Jaqueline Wendlandt: Es ist ein großes Gefühl der Befriedigung, wenn man positives Feedback vom Kunden bekommt, wenn man helfen und neue Wege aufzeigen kann- gerade wenn jemand am Anfang einer Krankheit steht.
Frustrierend ist die bürokratische Seite die einem erschwert den Beruf auszuüben, die Leute müssen ja oft schon genug Leid ertragen, dann muss man aber dennoch den ganzen Sermon wieder erklären und das sorgt für Frust auf beiden Seiten. Wir sind ja der Prellbock weil wir das Gesundheitswesen praktizieren. Das ist sehr unangenehm, die Leute werden manchmal auch persönlich und ausfallend und damit muss man erstmal klar kommen.

pia: Was sind Ihre beruflichen Ziele?
Jaqueline Wendlandt: Ich trage soviel Idealismus in mir, das ist zuweilen erschütternd, denn ich verliere täglich ein Stück davon und es sind bittere Erfahrungen wenn sich das dann nicht erfüllt.
Ich würde gerne noch Pharmazie studieren, um mein Wissen zu vertiefen. Werde jetzt zunächst Erfahrung in der Praxis sammeln, bei den Menschen sein und mein heiß geliebtes Wissen anwenden.

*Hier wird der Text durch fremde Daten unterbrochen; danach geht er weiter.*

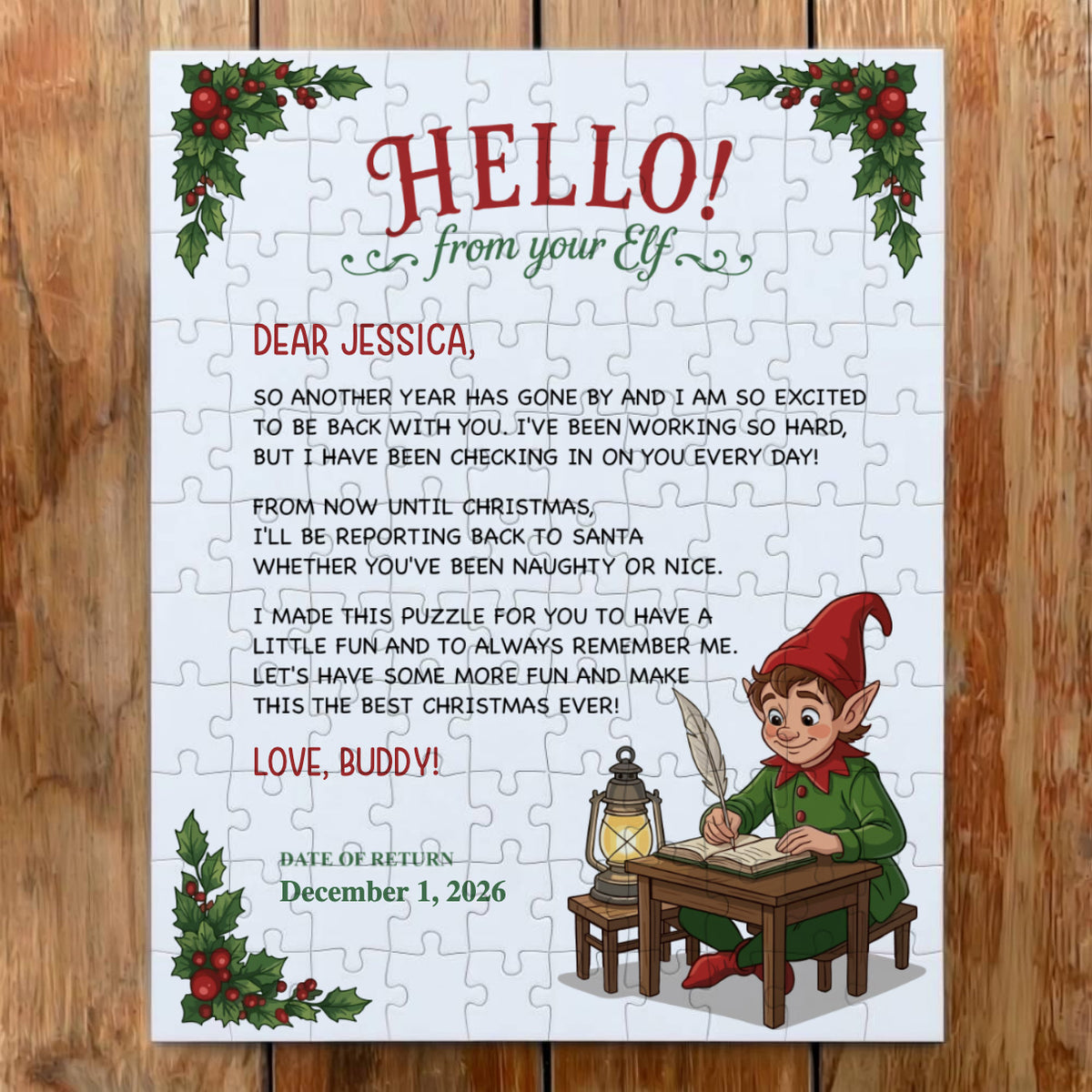 Personalized Christmas Elf Jigsaw Puzzle in Tin Box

pia: Haben Sie einen Tipp an Ihre Kollegen, wenn es mal nicht so gut läuft?

Jaqueline Wendlandt: Sich jeden Tag aufs Neue fragen warum man es macht, sich selbst motivieren, immer dran bleiben und viel lesen. Weiterbildung ist unverzichtbar, das gibt neue Impulse!

An Melanie bewundere ich Ihre große Stärke, sie ist selbstbewusst, mutig, sehr ehrlich und gibt nie auf, auch wenn es schwierig wird.
Es ist ein großes Geschenk für uns beide, dass wir uns kennen lernen durften und uns begleiten können. Melanie, du bist ein ganz wertvoller Mensch!